Volunteers talk about using their tech skills for good!
Last month we teamed up with SFTech4Good to host a conversation at Startup Basecamp about leveraging tech skills for good. Our training director Val moderated a conversation with three Empower Work peer counselors—Sydney, Kate, and Steve—about their volunteer experience.
After seeing a post on her employer Oracle’s intranet, Sydney jumped at the opportunity to become a peer counselor. As a remote worker this was a great opportunity to gain coaching skills and be part of a community.
Kate, who works for Salesforce, joined Empower Work because she values listening and supporting people and wanted a volunteer opportunity that would allow her to tap into these skills.
Steve, who also works in tech, shared that he was coming out of a difficult work situation himself when he serendipitously saw a bus ad for Empower Work. A lighbulb went off in his head when he saw the ad: he could use his skills to help others through their trickiest work issues!
Peer counselors receive over 20 hours of training that builds professional skills in active listening, management, and workplace dynamics. Sydney was pleasantly surprised by how robust and in-depth the curriculum was. While it was hard work, Sydney says she uses the skills she learned every day--whether it’s supporting a texter at Empower Work, or in her own job.

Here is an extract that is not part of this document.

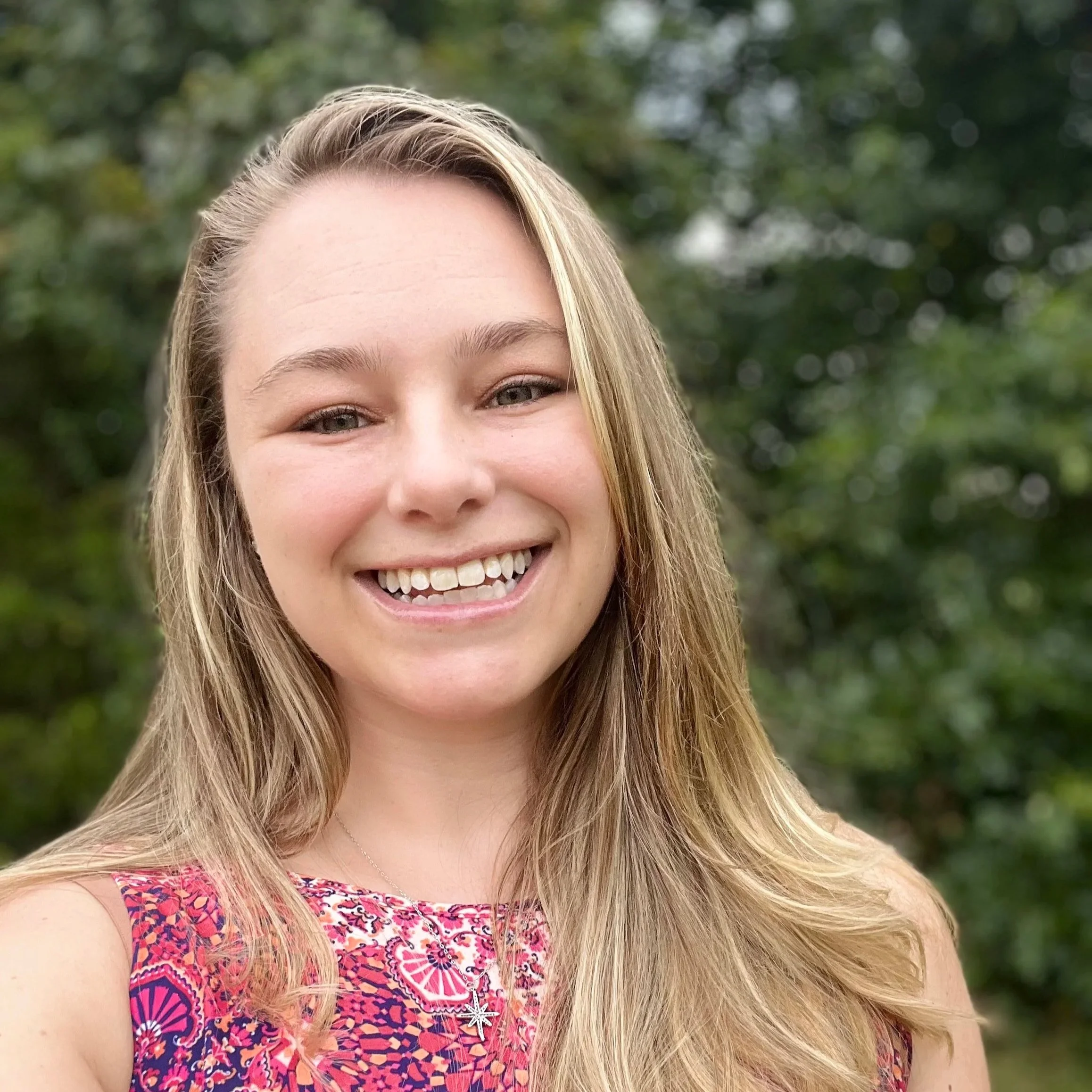 Close-up of a smiling woman with blonde hair, wearing a colorful patterned top, outdoors with blurred green foliage in the background.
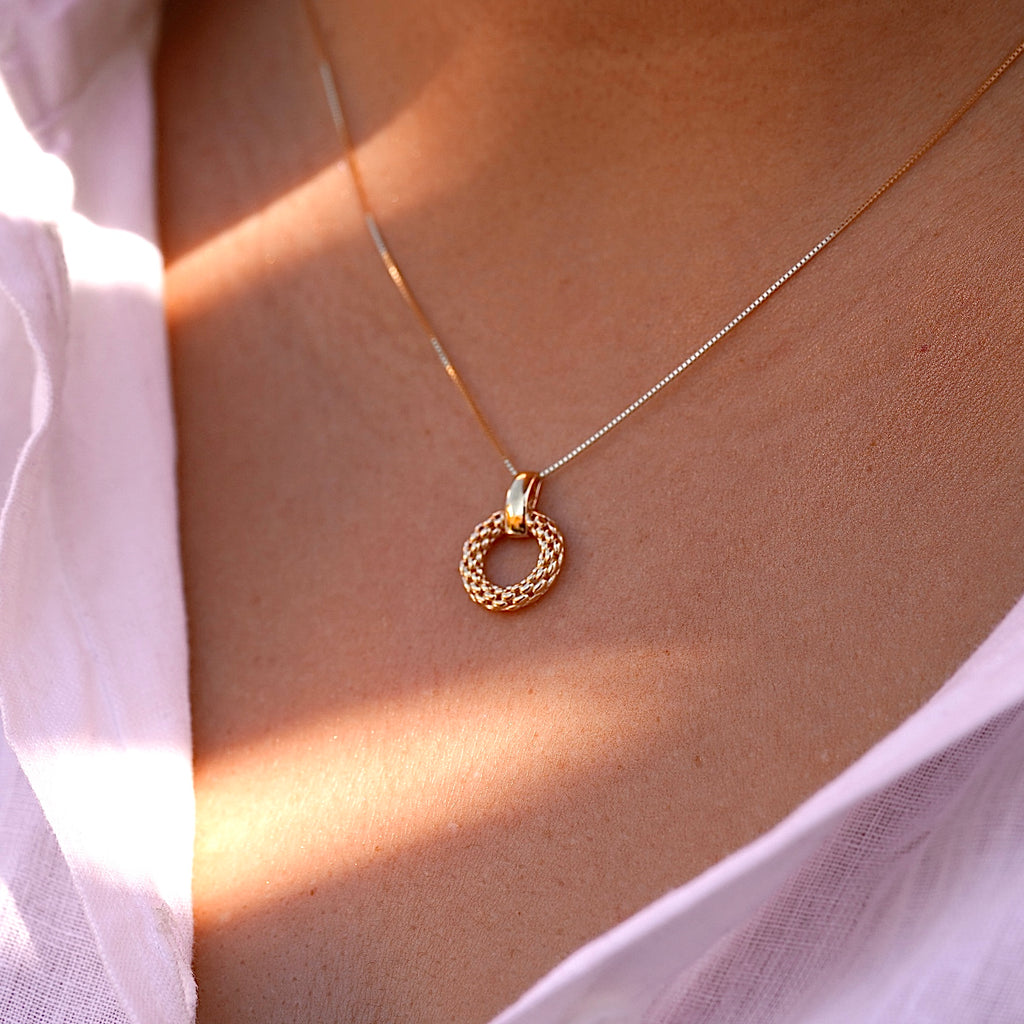 A woman wears the 14K gold mesh pendant on a dainty gold chain, the intricate filigree design resting gracefully against her collarbone. The lightweight and elegant pendant adds a timeless touch to her outfit.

Here are a few of the things they’ve learned while supporting texters:
Kate says that once she’s earned the trust of a texter, her favorite question to ask is: what’s your gut telling you? It gets people out of their heads she says, especially if they feel stuck. Sydney also love to re-frame the situation by encouraging texters to take a step back and view their situation through another lens.
Guide, don’t advise.
It’s easy to shift into problem solver mode, Kate explained. It’s harder, but more effective, to listen and validate. It can be incredibly valuable to take a step back and validate the person’s emotions before moving to an action plan. This can be as simple as saying, “I hear you, and that sounds tough.”
The issue isn’t always obvious.
It’s important to takes a step back and figure out what’s at stake for the texter. On the surface an issue may seem straightforward, but there are often other factors at play such as power dynamics, financial concerns, race and gender issues, and much more. It’s important to give people the space to unpack these experiences and get to the heart of the issue.
Steve, Kate, and Sydney all mentioned that the skills they’ve developed at Empower Work have carried over to their own work or personal lives—whether it’s being a more empathetic listener or asking solutions-driven questions.. They aren’t alone—over 95 percent of our peer counselors say they re-invest the skills they learn in their own careers!